Mal verfolgt, mal erfolgreich assilmiliert
Liest man die Berichte über die "Zigeunerjagden", zu denen die veränderte Gesetzgebung einlud, fragt man sich, wie es den Roma überhaupt gelang, zu überleben. Die Antwort ist einfach: Sie wurden noch gebraucht – als brav ihre Steuern zahlende fahrende Händler, Handwerker und Musiker und als ebenso brav und mutig ihr Vaterland verteidigende Soldaten.
Auch in späteren Epochen setzte sich die Diskriminierung fort. Im 19. und frühen 20. Jahrhundert wurden Sinti und Roma in großer Zahl ausgewiesen, wenn sie keine deutsche Staatsbürgerschaft nachweisen konnten. Auf Ausgrenzung und Entrechtung folgte in der NS-Zeit die systematische Vernichtung. Nach glaubwürdigen Schätzungen sind dem nationalsozialistischen Völkermord 500.000 europäische Roma zum Opfer gefallen. Etwa 30.000 von ihnen waren Deutsche. Noch längst ist der Porajmos, wie die Verfolgung und Vernichtung auf Romanes genannt wird, nicht ausreichend dokumentiert und aufgearbeitet.
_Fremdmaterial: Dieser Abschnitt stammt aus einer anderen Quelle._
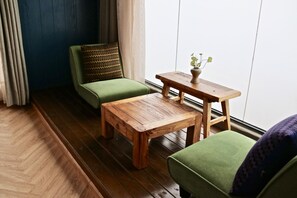Una habitación con un sofá verde, una mesa de centro de madera y una pequeña mesita de noche con una planta.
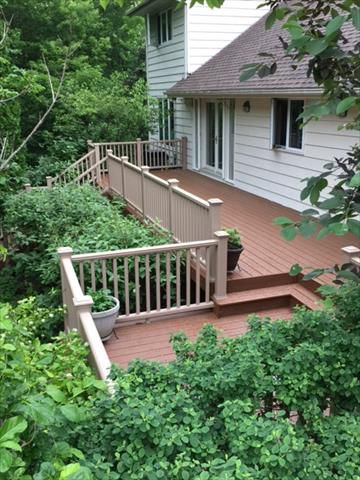 Tree House Deck; Rope Swing Railing nestled in the garden
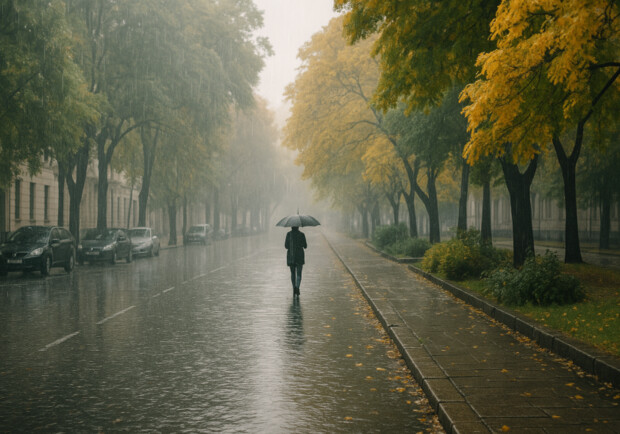 Жінка йде під дощем восени.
Zugleich handelt die Geschichte dieses Volkes nicht nur von Diskriminierung und Ausgrenzung. Phasen der Verfolgung wechselten sich immer wieder ab mit Phasen erfolgreicher Assimilation: So gelang es auch im 16. Jahrhundert nicht, die zuvor in die mittelalterliche Ordnung integrierten Sinti und Roma aus den deutschen Territorien zu vertreiben. Im 17. und 18. Jahrhundert arbeiteten viele Roma hierzulande wieder als Händler, Handwerker und Musiker und dienten als Soldaten und Offiziere in den Söldnerheeren der frühen Neuzeit. Und obwohl sie – im Unterschied zu den Juden – niemals formal emanzipiert wurden und die Bürgerrechte erhielten, ist es im 19. Jahrhundert bemerkenswert vielen von ihnen gelungen, einen ständigen Wohnsitz und schließlich auch die deutsche Staatsbürgerschaft zu erlangen. Alle beherrschten zudem die deutsche Sprache, waren meist fromme Katholiken und überzeugte Patrioten.
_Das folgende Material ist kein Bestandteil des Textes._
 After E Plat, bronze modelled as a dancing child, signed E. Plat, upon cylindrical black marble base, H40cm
Nach 1945 setzte sich die Geschichte der Integration fort – trotz des Völkermordes und im Übrigen nicht als Verdienst der deutschen Mehrheit, sondern vielmehr der Minderheit selbst.
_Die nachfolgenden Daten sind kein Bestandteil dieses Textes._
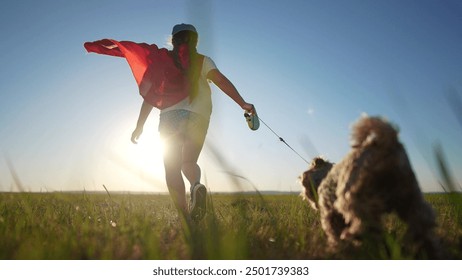 Child superhero and dog running at sunset. happy pet family concept. dog is playing with a superhero. a child runs on the grass in a park, a daughter plays at the lifestyle superhero. - Powered by Shutterstock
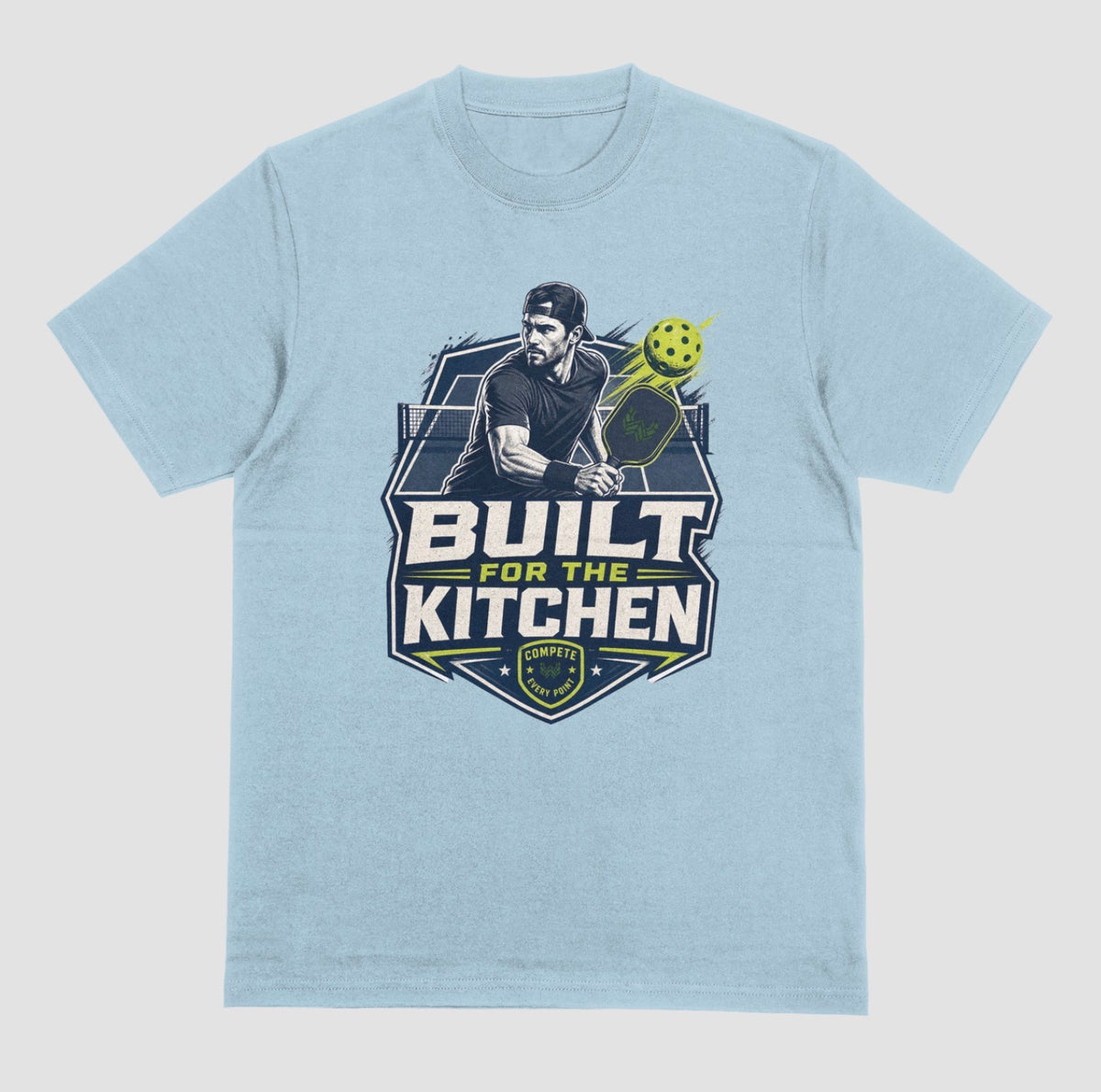 I light blue crewneck t-shirt featuring a large graphic print on the front. The graphic depicts a man holding a pickleball paddle with a yellow-green pickleball, above the text 'BUILT FOR THE KITCHEN' in white and yellow, with a 'SPORTS' shield logo at the bottom.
Großen Anteil daran hatte der deutsche Sinto Romani Rose, der 1982 den Zentralrat Deutscher Sinti und Roma gründete, den er bis heute leitet. Der Rat ist insbesondere geschichtspolitisch aktiv; von Anfang an setzte er sich dafür ein, dass der Völkermord an den Roma bekannt und als solcher anerkannt wird. Sichtbares Zeichen dafür ist seit Oktober 2012 ein Denkmal für die in der NS-Zeit ermordeten Sinti und Roma unweit des Reichstages in Berlin. Es soll auch ein Mahnmal dafür sein, künftige Verfolgungen zu verhindern.
Wie wir nicht erst seit heute wissen, sind wir weit davon entfernt, dass sich diese Hoffnung erfüllt. Denn vor allem in einigen osteuropäischen Ländern, in Ungarn etwa, aber auch in den Balkanstaaten sind die Roma erneuten Verfolgungen ausgesetzt, die sie ihrer Rechte berauben und ihnen eine Zukunft unmöglich machen.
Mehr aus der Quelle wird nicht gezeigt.